A Forex chart is a kind of a window that gives us a glimpse of the forex market. It is often represented in the form of a graph, with the price displayed on the right side and the time shown at the bottom.
You could call it a graph of price against time. But the way the prices in the graph are displayed greatly affects how we interpret the forex market. We call these display methods chart types. And the three most common chart types are:
- The line chart.
- The bar chart.
- The candlestick chart.
But which one of these three types is the best one for forex trading? Before we answer this question though, let’s get you up to speed on what each of these charts represents.
The Line Chart
The line chart is the simplest of all the above mentioned types. It is most similar to the graphs we plotted in elementary mathematics, where we only had to connect different points. And in forex, the points we connect are the closing prices for each time period.
Because of its simplicity, the line chart offers a quick method of visualizing the direction of the price without being overwhelmed with information.
The Candlestick Chart
The Japanese candlestick chart offers more details than the line chart. Every single candle represents four things: the opening and closing prices of a certain time period, the highest and lowest price levels within the same period.
The body of a candle tells the open and close prices, while the wicks represent the high and low prices. Besides those four pieces of information, the candlestick uses colors to tell if the price closed above or below its opening level.
Back in the day, before we used colored prints for printing out charts, all we had was black and white.
So, the bullish candlestick, where the price closed above the opening price, was displayed in white. And the bearish candlestick, where the price closed below the opening price, was done in black.
But today, we have the luxury of changing the colors to whatever we want. And the most common colors are green for bullish candles and red for bearish ones.
The Bar Chart
The bar chart is very similar to the candlestick chart because the data they display are almost the same. They both depict open, close, high, and low prices. But there are slight differences.
The most obvious difference is the look of the bar chart itself. Bar charts have vertical lines with short horizontal lines protruding from either side. The line protruding from the left side represents the opening price, and the one on the right depicts the closing price.
Chart Types Comparison: Line Vs Bar Vs Candlestick
Let’s take a closer look at the differences between the three chart types, even though the sharpest contrast is mostly between the bar and the candlestick charts.
Line Chart Vs Bar and Candlestick Charts
Here are the ways the line chart differs from the bar and candlestick ones:
- Nothing trumps the line chart when it comes to simplicity. The bar and candlestick charts have more information embedded within each bar or candle, making them quite overwhelming to study. As a result, the line chart can be easier for beginners, who don't want to drown in the vast amount of data.
- The line chart is best for higher time frame charts, since it gives the trader only a sense of the price direction and not the finer details of open and close levels.

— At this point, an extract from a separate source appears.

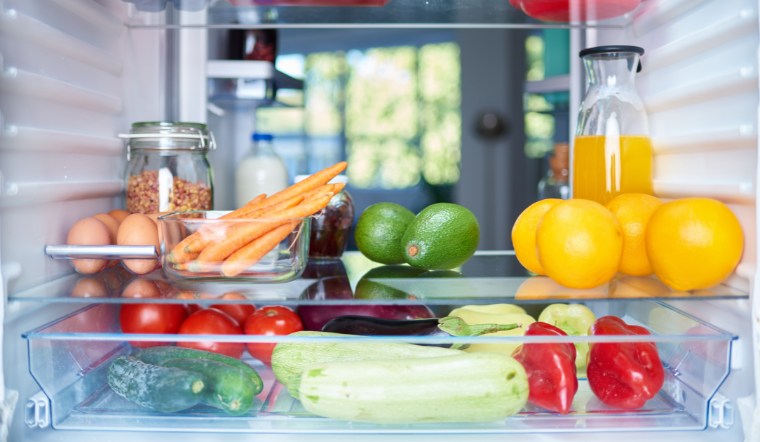 Những đồ vật đặt vào tủ lạnh tưởng như 'vô tri' nhưng giúp tiết kiệm điện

- The lack of sophistication of the line chart makes it weaker compared to advanced technical analysis. For instance, the bar and candlestick charts can give you more precise insights into where to place your stop loss and take profit levels. This explains why line charts are rarely used by traders, who trade anything from the weekly chart downward.
- The bar and candlestick charts can help to tell the volume of the market with their heights but the line chart can’t. In fact, there are powerful candlestick trading patterns that would be impossible if there was no way for the candlesticks or the bar charts to display volume.
Bar vs Candlestick Charts
The differences between the bar and the candlestick charts are rather minor and sometimes even negligible.
- When considering the opening price of a certain time period, the bar chart places more emphasis on the closing price of the previous period than the actual opening price of a given period. The candlestick chart, on the other hand, uses the actual opening price of a certain time period. This difference is negligible because 9 times out of 10, the opening price of a particular period is the same as the closing price of the previous one.
- More forex candlestick trading patterns stem rather from candlestick charts than from the bar charts. You can also use bar charts for the patterns of course. However, candlestick charts are preferred, since the patterns were developed specifically based on them.
- The bar chart might provide you with slightly better precision when drawing trendlines and zones on the chart. The reason is that the bar charts are basically just lines. The candlesticks, on the other hand, have bodies that take up more space and reduce precision. And though this difference might be negligible, some professional traders claim it has helped them make better trading decisions.
Which Chart Type is Best for Forex Trading?
We’ll leave it up to you to decide what chart is best for you.
Although they both depict the same open-close-high-low information, the candlestick chart is the most popular by far. The reason is that there are a lot of trading tools, formations, and strategies that stem from the candlestick.
Another possible reason for the popularity of the candlestick chart is that the colors on them make it easy to tell the bullish or bearish direction of the price at a cursory glance.